Having a pass-catching running back isn't typically part of the Seattle Seahawks' offensive game plan. This year, Seattle might have two running backs that specialize in that category.
"Doing a lot with the running backs," Carson said, via the Seattle Times. "Splitting them out wide, putting them in different spots on the field. He's using us more in pass catching than what he did in the previous year.
"It's fun for us. … All the running backs have got great hands so it's good to see us finally be able to use it."
Carson had 1,151 yards rushing and nine touchdowns in his second NFL season, but just 20 catches for 163 yards on 24 targets. Penny, the Seahawks' 2018 first-round pick, had just nine catches for 75 yards on 12 targets.

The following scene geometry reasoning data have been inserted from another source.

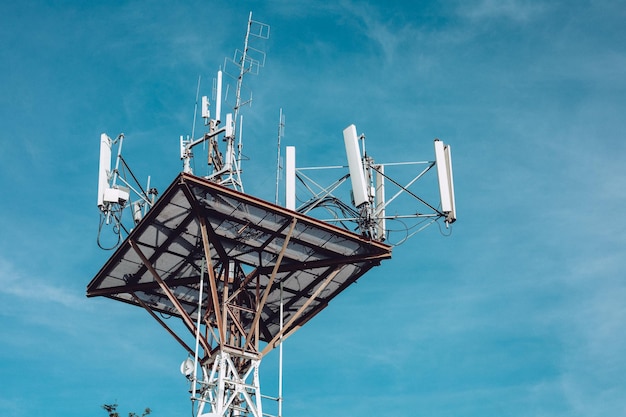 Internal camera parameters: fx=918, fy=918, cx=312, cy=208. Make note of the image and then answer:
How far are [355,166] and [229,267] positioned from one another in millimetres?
6992

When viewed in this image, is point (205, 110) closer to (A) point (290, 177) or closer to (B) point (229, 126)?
(B) point (229, 126)

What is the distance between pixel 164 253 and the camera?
125ft

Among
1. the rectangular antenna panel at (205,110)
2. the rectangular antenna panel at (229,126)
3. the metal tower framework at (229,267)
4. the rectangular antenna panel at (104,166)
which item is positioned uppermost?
the rectangular antenna panel at (205,110)

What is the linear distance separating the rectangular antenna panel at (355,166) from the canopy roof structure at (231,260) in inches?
60.2

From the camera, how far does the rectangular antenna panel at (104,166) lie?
38.8 m

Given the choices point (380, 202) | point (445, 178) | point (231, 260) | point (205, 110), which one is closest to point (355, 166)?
point (380, 202)

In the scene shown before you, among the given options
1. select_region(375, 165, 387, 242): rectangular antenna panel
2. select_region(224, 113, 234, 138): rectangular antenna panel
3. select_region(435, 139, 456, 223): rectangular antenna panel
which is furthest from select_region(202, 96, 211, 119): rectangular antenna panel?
select_region(435, 139, 456, 223): rectangular antenna panel

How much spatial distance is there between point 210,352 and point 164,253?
4.54 meters

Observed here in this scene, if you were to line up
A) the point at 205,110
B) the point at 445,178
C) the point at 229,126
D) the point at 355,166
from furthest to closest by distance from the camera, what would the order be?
the point at 205,110 → the point at 229,126 → the point at 445,178 → the point at 355,166

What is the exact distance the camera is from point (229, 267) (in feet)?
128

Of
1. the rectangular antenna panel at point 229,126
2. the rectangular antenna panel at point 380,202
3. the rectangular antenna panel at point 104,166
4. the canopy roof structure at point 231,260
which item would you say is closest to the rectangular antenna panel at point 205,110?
the rectangular antenna panel at point 229,126

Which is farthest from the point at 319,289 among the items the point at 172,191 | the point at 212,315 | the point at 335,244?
the point at 172,191

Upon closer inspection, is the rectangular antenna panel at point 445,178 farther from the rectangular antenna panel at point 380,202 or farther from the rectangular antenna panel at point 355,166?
the rectangular antenna panel at point 355,166

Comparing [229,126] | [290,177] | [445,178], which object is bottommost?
[290,177] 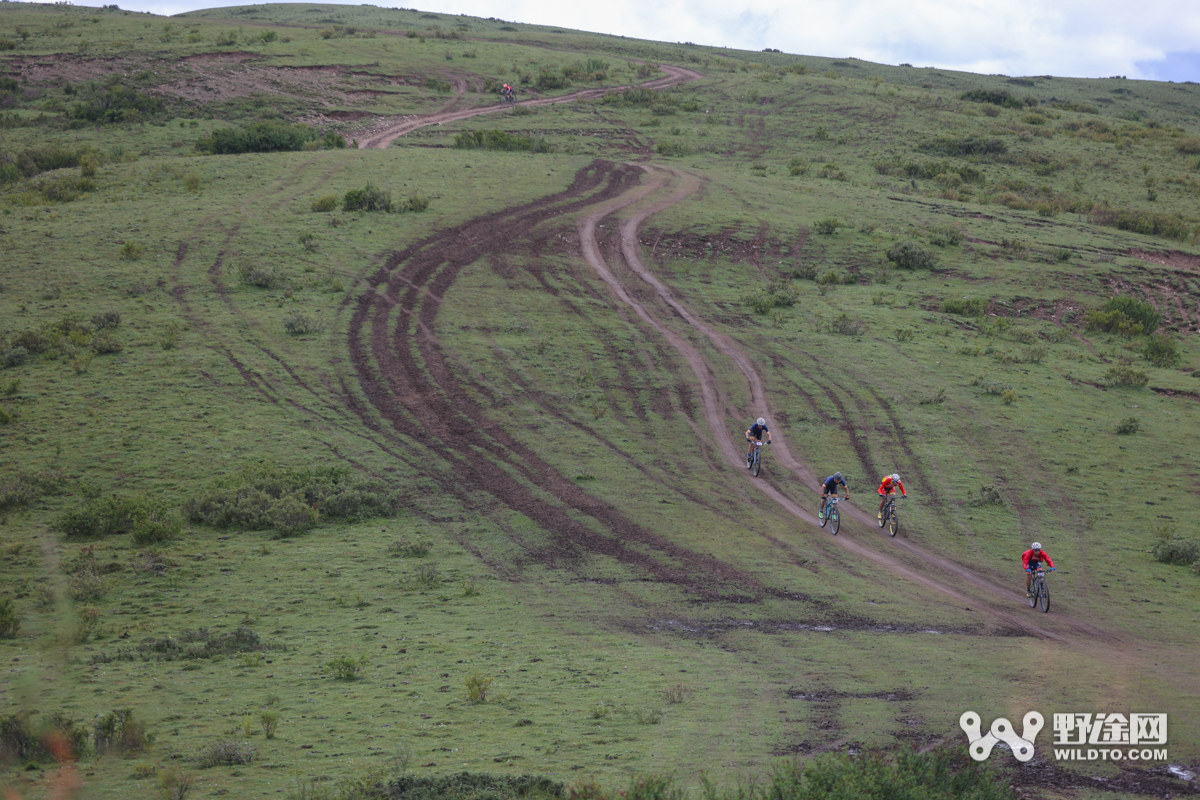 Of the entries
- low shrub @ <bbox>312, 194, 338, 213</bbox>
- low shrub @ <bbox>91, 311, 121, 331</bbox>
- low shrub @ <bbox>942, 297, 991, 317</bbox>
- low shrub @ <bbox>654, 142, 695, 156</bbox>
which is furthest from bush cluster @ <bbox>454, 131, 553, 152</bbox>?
low shrub @ <bbox>91, 311, 121, 331</bbox>

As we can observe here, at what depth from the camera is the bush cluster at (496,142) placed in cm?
5706

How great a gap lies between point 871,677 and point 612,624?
450 centimetres

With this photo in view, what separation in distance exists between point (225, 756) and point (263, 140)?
50.4 m

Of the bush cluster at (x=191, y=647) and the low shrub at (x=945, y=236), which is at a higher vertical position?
the low shrub at (x=945, y=236)

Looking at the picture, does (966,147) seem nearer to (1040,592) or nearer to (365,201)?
(365,201)

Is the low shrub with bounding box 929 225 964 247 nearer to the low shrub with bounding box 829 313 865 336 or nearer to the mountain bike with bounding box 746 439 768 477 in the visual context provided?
the low shrub with bounding box 829 313 865 336

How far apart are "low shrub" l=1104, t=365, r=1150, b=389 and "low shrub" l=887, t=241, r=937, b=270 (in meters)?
12.0

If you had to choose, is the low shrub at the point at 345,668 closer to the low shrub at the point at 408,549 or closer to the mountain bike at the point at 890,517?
the low shrub at the point at 408,549

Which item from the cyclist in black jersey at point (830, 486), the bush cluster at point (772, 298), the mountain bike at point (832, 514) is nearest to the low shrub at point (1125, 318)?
the bush cluster at point (772, 298)

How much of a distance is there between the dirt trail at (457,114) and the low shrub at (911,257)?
31067 mm

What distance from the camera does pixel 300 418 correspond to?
25.0 metres

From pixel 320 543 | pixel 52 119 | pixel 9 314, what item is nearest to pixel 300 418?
pixel 320 543

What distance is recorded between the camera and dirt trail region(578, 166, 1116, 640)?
55.8 feet

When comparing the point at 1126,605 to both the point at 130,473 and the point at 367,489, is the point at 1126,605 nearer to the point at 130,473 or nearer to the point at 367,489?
the point at 367,489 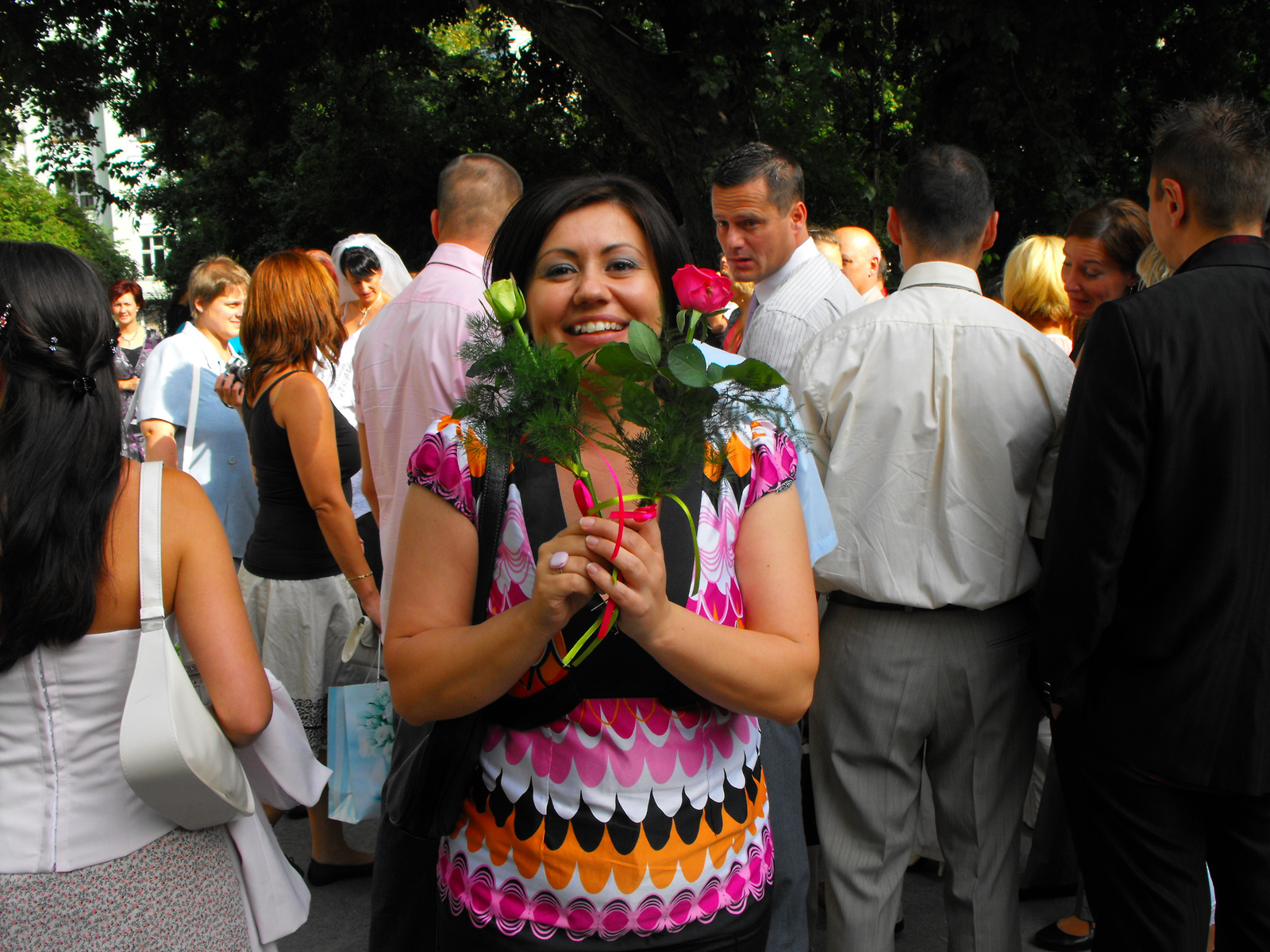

He finished with 85 carries for 419 yards and two touchdowns.
With Mike Davis off to the Chicago Bears, the Seahawks have been looking for a third-down back to replace him. Penny has been running the two-minute offense in certain packages, getting pass targets from quarterback Russell Wilson. Carson has been earning the same opportunities as the No. 1 running back in the team's running back-by-committee approach.
Expanding the Seahawks playbook for the running backs isn't a surprise considering Carson played just four games his rookie season in 2017 after a fractured leg ended his year. The Seahawks wanted to take it easy on Carson in 2018 coming off the broken leg. Penny was supposed to be the pass-catching back in Seattle's offense last year, but a dislocated finger ended his preseason early and forced him to play catch-up in the offense.
Carson was 46th amongst running backs in receptions last year while Penny finished tied for 77th. Davis, who led the Seahawks with 34 catches, was tied for 28th.
The Seahawks did lead the NFL in rushing last season, but finished 27th in passing. Having Carson and Penny as extra pass-catching options in the backfield should expand those numbers.